By Laurent Pernot, U of I at Chicago
Maybe it was the use of "Smithsonian" and "UIUC" in the same sentence or perhaps it was the "half now, half later" financial arrangement, but at least one trustee was uneasy about the proposed $8.6 million Spurlock Museum in Urbana. Trustees selected an architect and a museum exhibit consultant during their meeting in Chicago last week.
The new 36,000 square-foot museum will be built at the southeast corner of California and Gregory and replace the World Heritage Museum now in Lincoln Hall. The facility will hold exhibit galleries, public areas, a museum store, administrative offices and support space.
The discussion of the item - which actually only entailed selecting an architect and an engineer for the project - was all but routine until Robert Todd, associate vice president for administration and human resources, mentioned the new museum could cost as much to curate as it will to build.
"You'll have a building with exhibit space and you'll have potential to finish it off the way you'd like," said Todd, adding that the Smithsonian Institution was one of the models to be followed for the new museum.
Trustee William Engelbrecht (R-Henry) then wondered whether the university could be left with an unfinished museum since "it could be a number of years before those additional funds are raised."

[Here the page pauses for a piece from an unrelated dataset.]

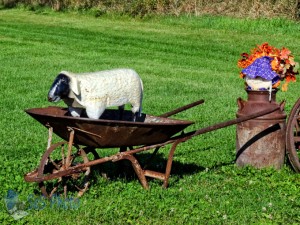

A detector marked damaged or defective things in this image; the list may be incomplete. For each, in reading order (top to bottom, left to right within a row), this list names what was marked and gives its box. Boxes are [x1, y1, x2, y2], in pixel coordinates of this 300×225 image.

After Todd noted that none of the original $8.6 million would come from the state or the university, UIUC Chancellor Michael Aiken said "lots of people are interested in the project and we're confident we could raise the necessary funds over time."
A previous project presented to the trustees two years ago was scrapped because its cost exceeded original estimates, Aiken said.

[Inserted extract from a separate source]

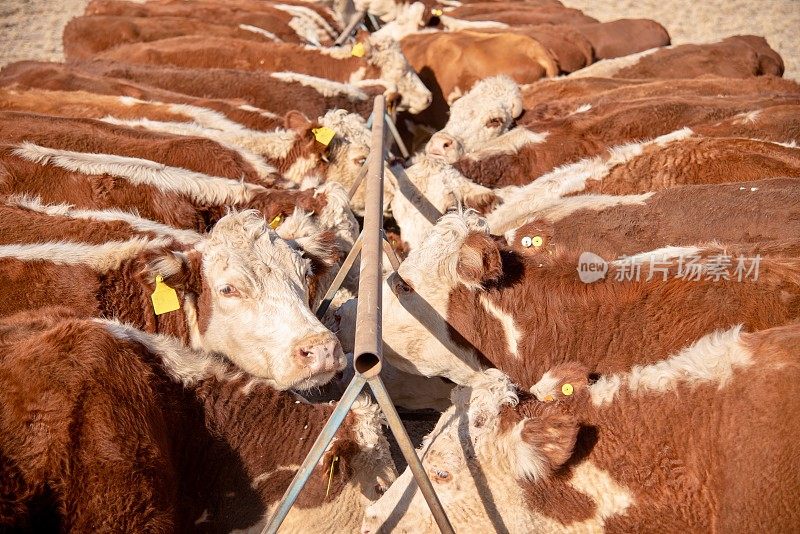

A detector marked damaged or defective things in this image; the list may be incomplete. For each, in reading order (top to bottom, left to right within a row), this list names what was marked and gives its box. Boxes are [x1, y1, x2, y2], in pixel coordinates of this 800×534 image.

rusty metal bar [332, 10, 368, 46]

"We decided to scale back the project and stay within the original scope [of $8-8.5 million] and wait to see if additional money could be raised," he said. "But if we waited any longer, we would lose the money we already have because the heirs to the donor [the Spurlock family of Indiana] are not happy it has taken this long" to get the project under way.

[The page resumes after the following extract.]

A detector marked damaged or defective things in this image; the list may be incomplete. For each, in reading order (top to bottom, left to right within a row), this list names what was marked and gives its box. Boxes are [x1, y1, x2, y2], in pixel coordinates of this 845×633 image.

The architectural firm selected is Nagle Hatray Danker Kagan McKay of Chicago, which was responsible for the construction of the Walker Museum at the University of Chicago and Oprah Winfrey's Harpo studios.
The firm of Donovan and Green of New York City will be employed as museum exhibit consultant; it is in charge of this year's Olympic Committee exhibit and collaborates regularly with the Smithsonian Institution.
Future of UIS Also discussed at the trustees meeting was the future of the UI's Springfield campus. UIS will draw on its location in the state capitol and its tradition as a small institution to bill itself as a small liberal arts college at a bargain price.
A revised curriculum will emphasize traditional liberal arts fields and public affairs studies, said Wayne Penn, UIS vice chancellor.
"We can't be all things to all people," Penn told the UI trustees at their meeting in Chicago last week.
"We'll offer an alternative for students who now go to state universities but would like a smaller campus."
The university, formerly Sangamon State University, plans to offer a four-year undergraduate program for the first time, Penn said in presenting the interim report of the UIS Development Planning Committee.
At the heart of the university's public affairs mission is a proposed Ph.D. in public affairs, which has the backing of the Illinois Board of Higher Education and would complement UIC's new Ph.D. in public administration.
"The doctoral degree in public affairs will be the capstone of our curriculum," said Penn.
UIS will only offer master's programs with clear links to professional fields - none that are merely a preparation for doctorates.
"Teaching, research and public service will all be part of our mission, but teaching will be UIS's primary emphasis," Penn said.
The planning committee supported offering UIUC's master's of social work degree at UIS. The Springfield campus already grants a bachelor's of social work and a master of arts in child, family and community services.
Other recommendations included eliminating the bachelor's in economics, developing a concentration in finance, doing away with the applied statistics concentration in mathematics and offering a master's degree in nursing from UIC at UIS, with the latter's faculty participating in the curriculum.
The trustees started revamping UIS course offerings by voting to discontinue the master of arts degree in psychology, at the request of the UIS psychology department and the planning committee.